▶ [Given information]:
▬▬▬

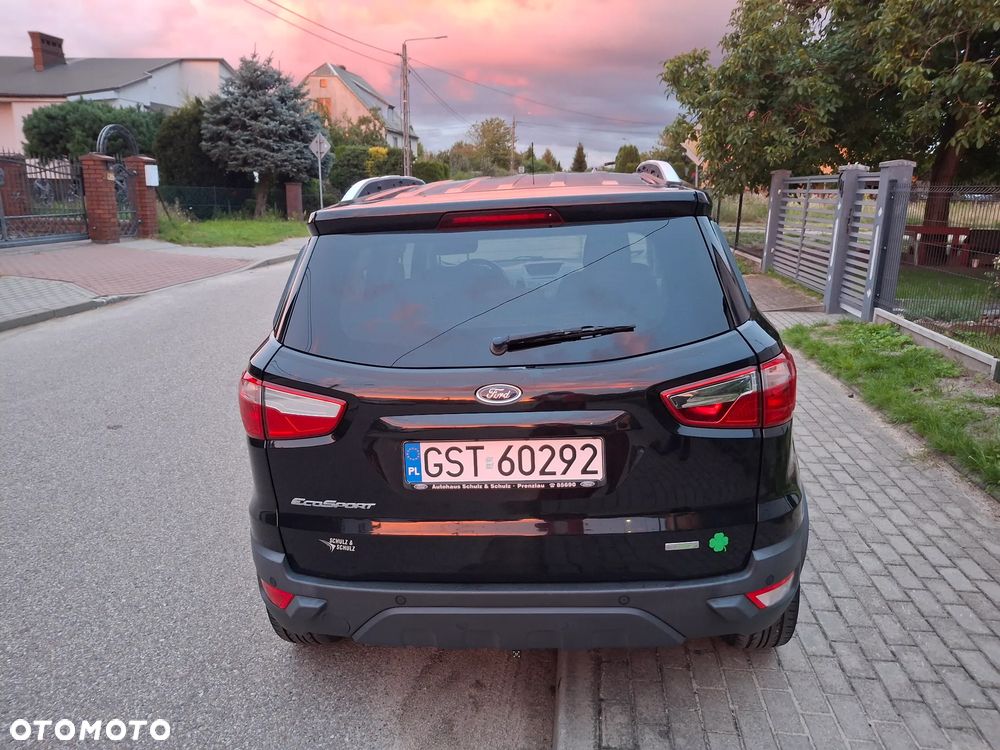 Ford EcoSport - 5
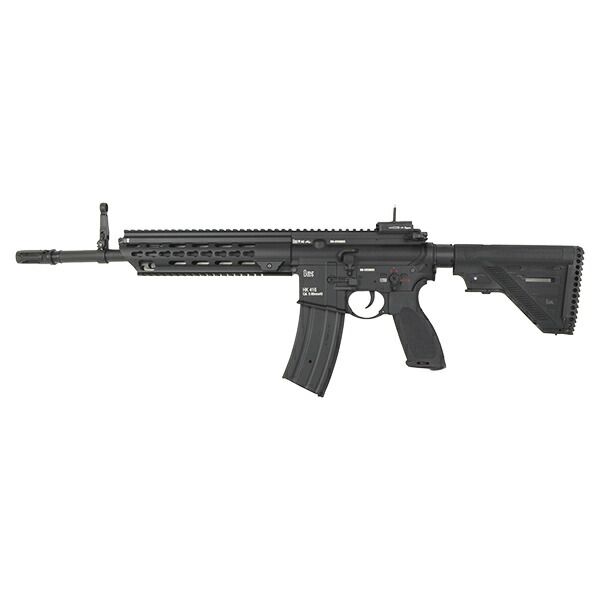 楽天市場】E&C 112E H&K HK416A5 GEISSELE SMR 電子トリガー搭載 電動ガン ブラック  サバゲー,サバイバルゲーム,ミリタリー : SAMURAI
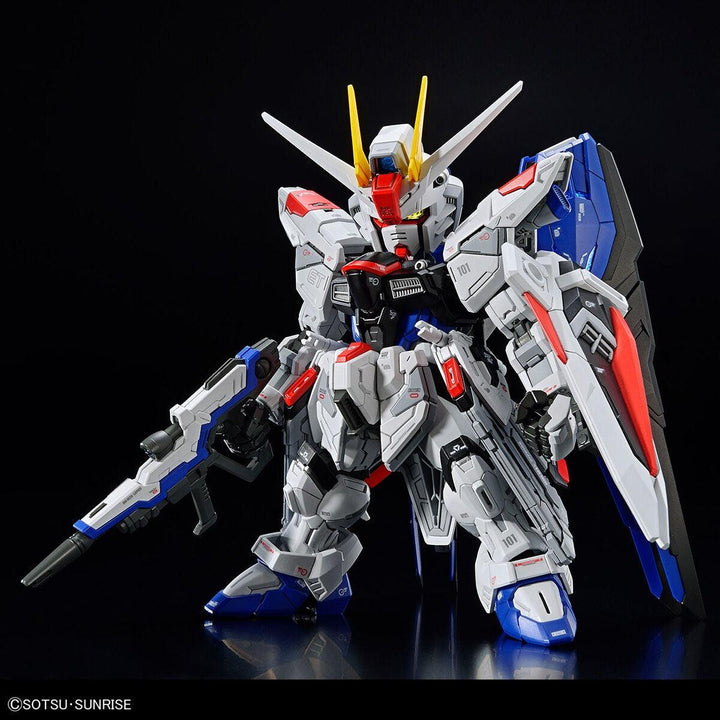 Bandai Freedom Gundam MGSD Model Kit - A-Z Toy Hobby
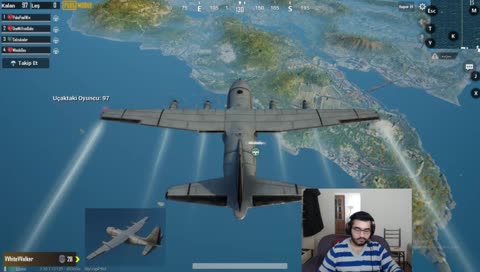 parçalamaya kaldığımız yerden devam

▬▬▬

▶ [Exercise description]:
Copy out the full material exactly. Pictures should not appear in it.

▶ [The answer]:
 Ford EcoSport - 5
 楽天市場】E&C 112E H&K HK416A5 GEISSELE SMR 電子トリガー搭載 電動ガン ブラック  サバゲー,サバイバルゲーム,ミリタリー : SAMURAI
 Bandai Freedom Gundam MGSD Model Kit - A-Z Toy Hobby
 parçalamaya kaldığımız yerden devam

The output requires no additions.